Click here for presentation and handout source files used previously to teach the training workshops.
An ideal starting point for teachers new to LOTE instruction, or an excellent review for experienced practitioners, this training provides an overview of the development of the standards and an in-depth examination of the Program Goals (5 Cs) and how they differ from a traditional skills-based approach to language learning and teaching. Participants reflect on the guiding principles underlying LOTE instruction and learning in Texas, consider learning snapshots to identify targeted standards and explore ways to expand those activities, and practice identifying tasks by progress checkpoints as they consider expectations for novice, intermediate, and advanced learners.
This workshop is designed both for teachers of special courses for Spanish for Spanish Speakers and those who have native speakers integrated into regular classes. It begins by examining characteristics of Spanish speaking students and the range of proficiencies and linguistic variations they exhibit. Participants then engage in activities focused on adapting standards-based instruction to provide students opportunities to expand their existing oral proficiency as they develop a full range of cultural and linguistic skills.
While Texas standards for foreign language learners provide guidelines for instruction, they are intentionally broad in scope to allow for maximum flexibility in how districts choose to implement them.

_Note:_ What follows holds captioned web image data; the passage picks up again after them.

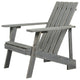 Irving Outdoor Patio Modern Acacia Wood Adirondack Chair, Gray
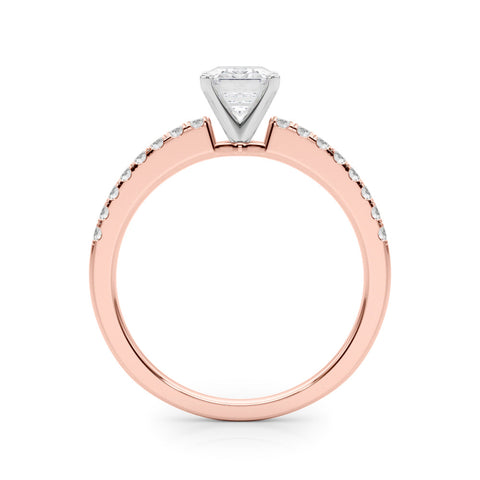 Rose gold Radiant Solitaire Diamond with Pavé Band and Four-Prong Setting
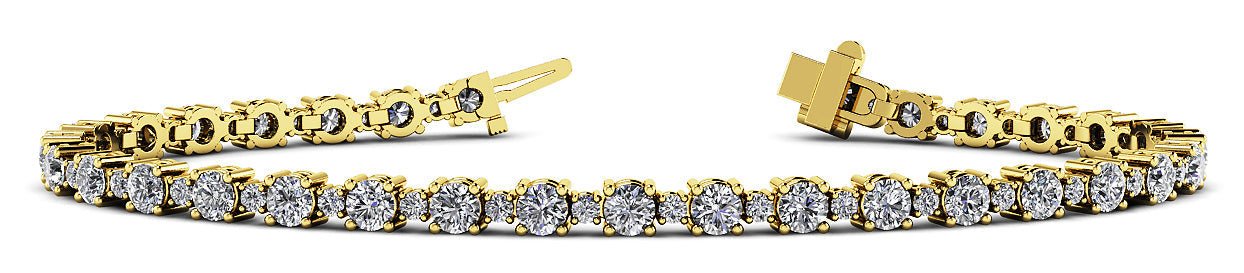 Alternating Lab - Grown Diamond Tennis Bracelet with 3.24 ct.(finished) 1.4mm, 2.6mm - Luxury Time NYC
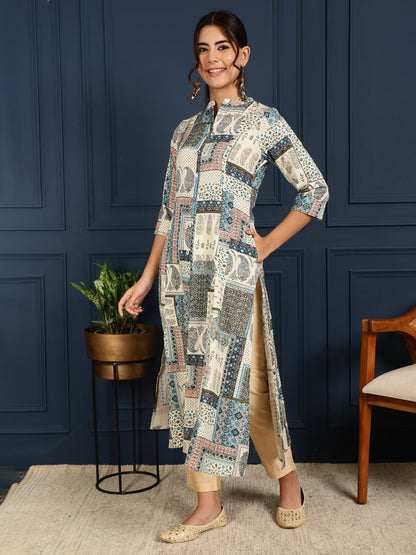 Flex Calf Length Printed A-Line 3/4 Sleeves Mandarin Coller Kurta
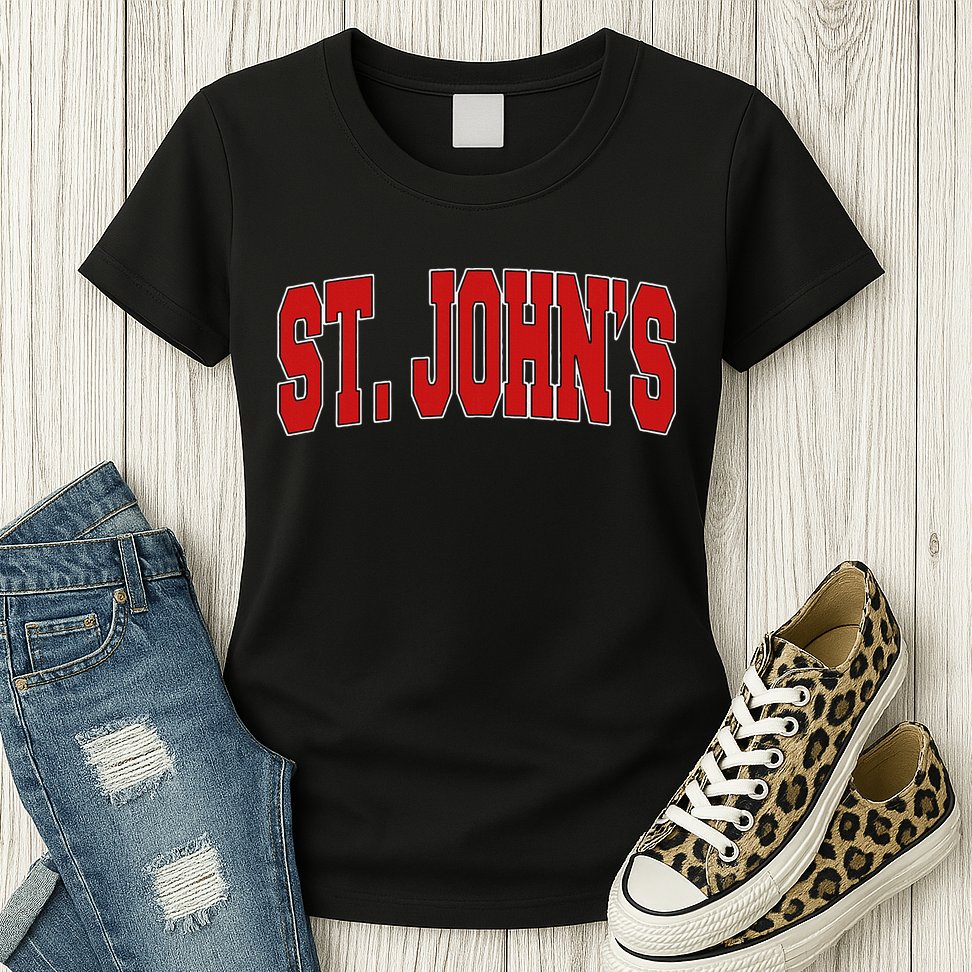 St John S Canada Varsity Style Vintage Retro Canadian Sports Womens T-Shirt
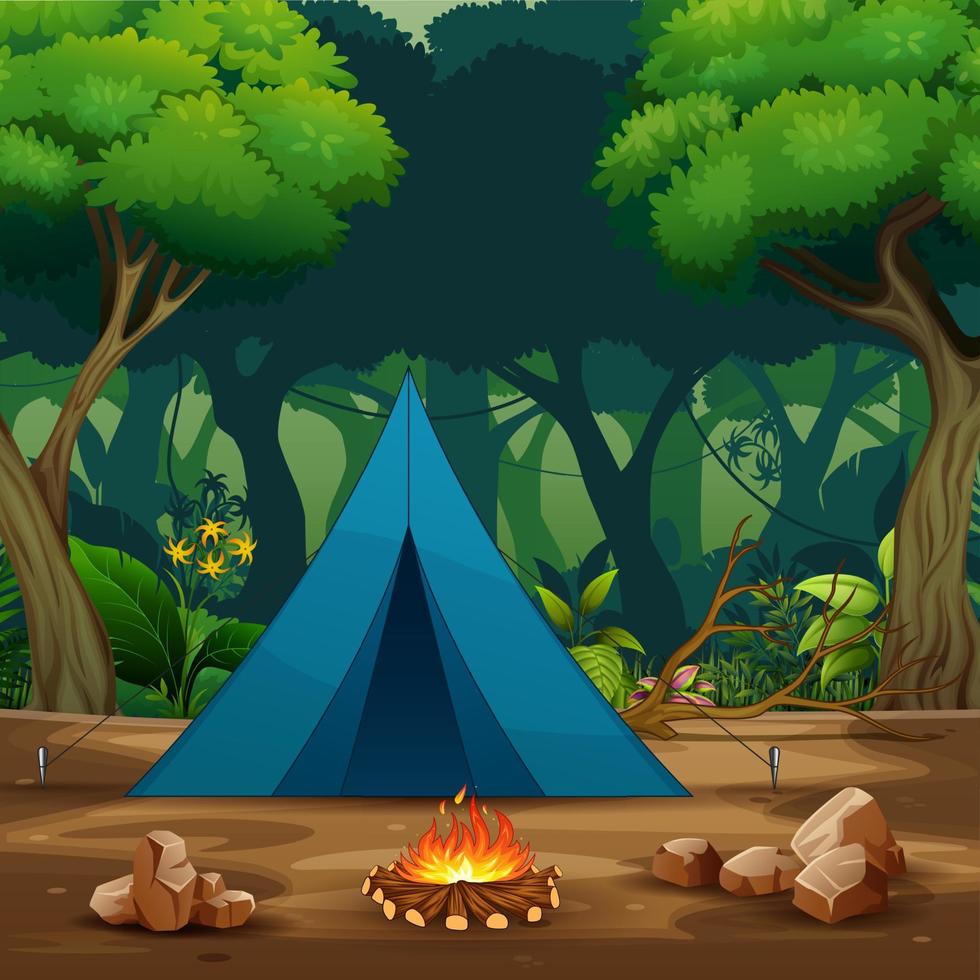 A blue tent with bonfire on forest background vector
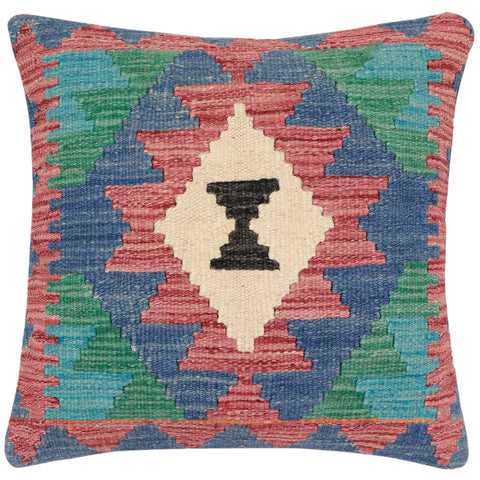 handmade Traditional Pillow Burgundy Blue Hand-Woven SQUARE 100% WOOL Hand woven turkish pillow2 x 2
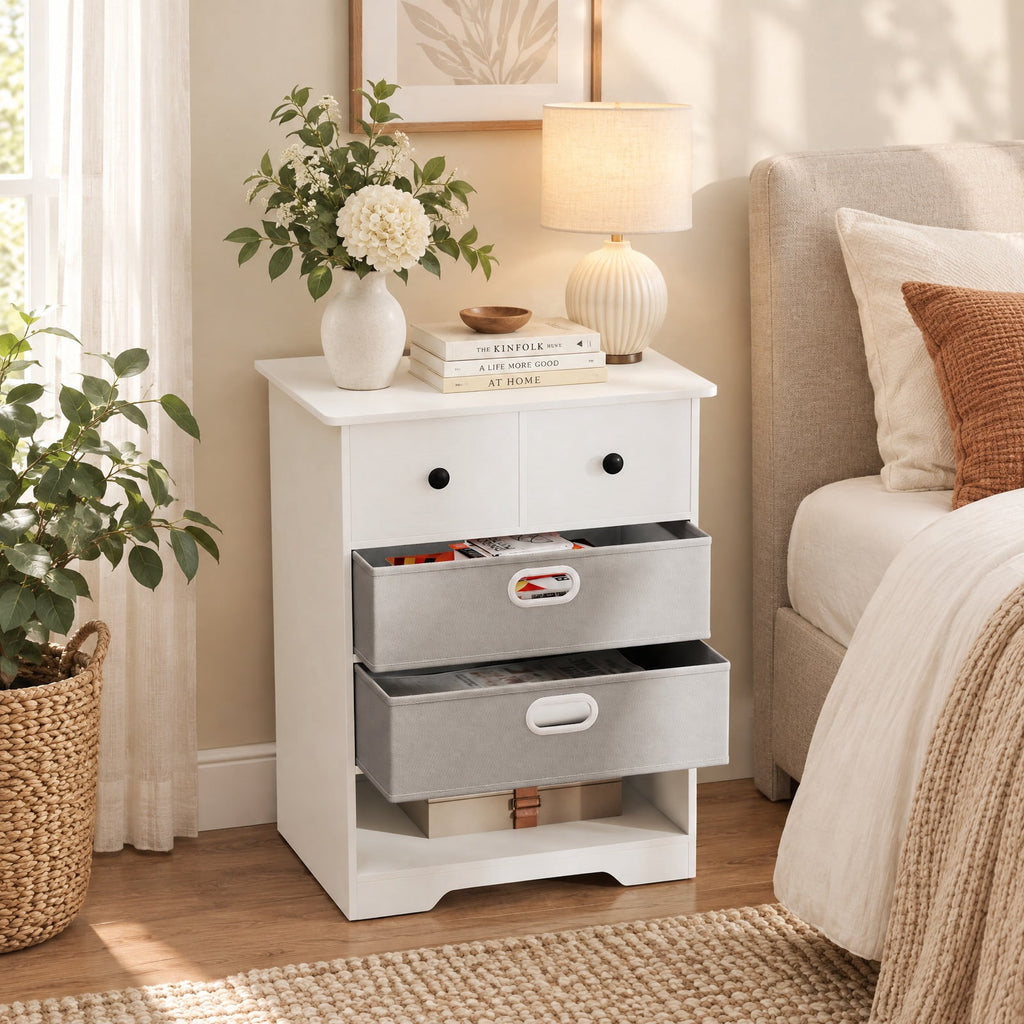 Airfind 4-Drawer Dresser Modern Chest Storage Organizer with Open Shelves, 100 lbs Capacity, Engineered Wood MDF Fabric Frame, White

Considerable planning and reflection is required before districts begin the process of developing or revising curriculum. This training guides educators through the reflective process as they participate in activities that examine the impact of LOTE standards on instruction and four approaches to curriculum development. It provides the catalyst for team building among those developing the curriculum and helps them ensure students in the district have opportunities to develop the cultural and linguistic competencies needed to become proficient language users.
Because the Texas standards for foreign language learners describe in general terms what learners should know and be able to do at each proficiency level, teachers express a strong desire to see examples of what these standards actually look like when implemented in classroom instruction. This training introduces sample thematic, standards-based units of study, or learning scenarios, and guides participants in hands-on practice in developing them. They discuss criteria for evaluating the activities they develop, and, once created, learn to adapt them to the other progress checkpoints.
Comprehensive standards that focus on overall communicative proficiency require instruction that includes integrating cultural and linguistic skills within the framework of the program goals (5 Cs), more coaching/less directing by the teacher, and emphasizing activities in which students learn through use of the target language. A variety of strategies may be needed to facilitate students’ and teachers’ adjustment to this shift in focus. This training presents priming, grouping, application, practice, and assessment strategies with standards-based examples and opportunities to practice each. Even experienced teachers can benefit from working with colleagues in developing new activities that support standards-based instruction.
Performance-based standards necessitate the inclusion of a variety of assessment tasks that integrate skills and immerse students in scenarios resembling real life situations. This module reviews the differences in traditional and performance-based assessment, examines key characteristics of alternative assessments, and recognizes the match between PBA and state standards for language learners. As they engage in individual reflection and writing, small and whole-group discussions, creating, critiquing, and analysis, participants practice developing tasks that operationalize the standards and provide a match between objectives and instruction.
Many educators find developing performance-based tasks much easier than assessing them, and fear of subjectivity often keeps teachers from engaging learners in this important evaluation process. This module illustrates that rubrics are easy to use, make teacher expectations clear, and provide learners feedback on what they can do and where they need improvement. Participants examine numerous assessment rubrics and get ample hands-on practice in developing them for their own classroom assignments.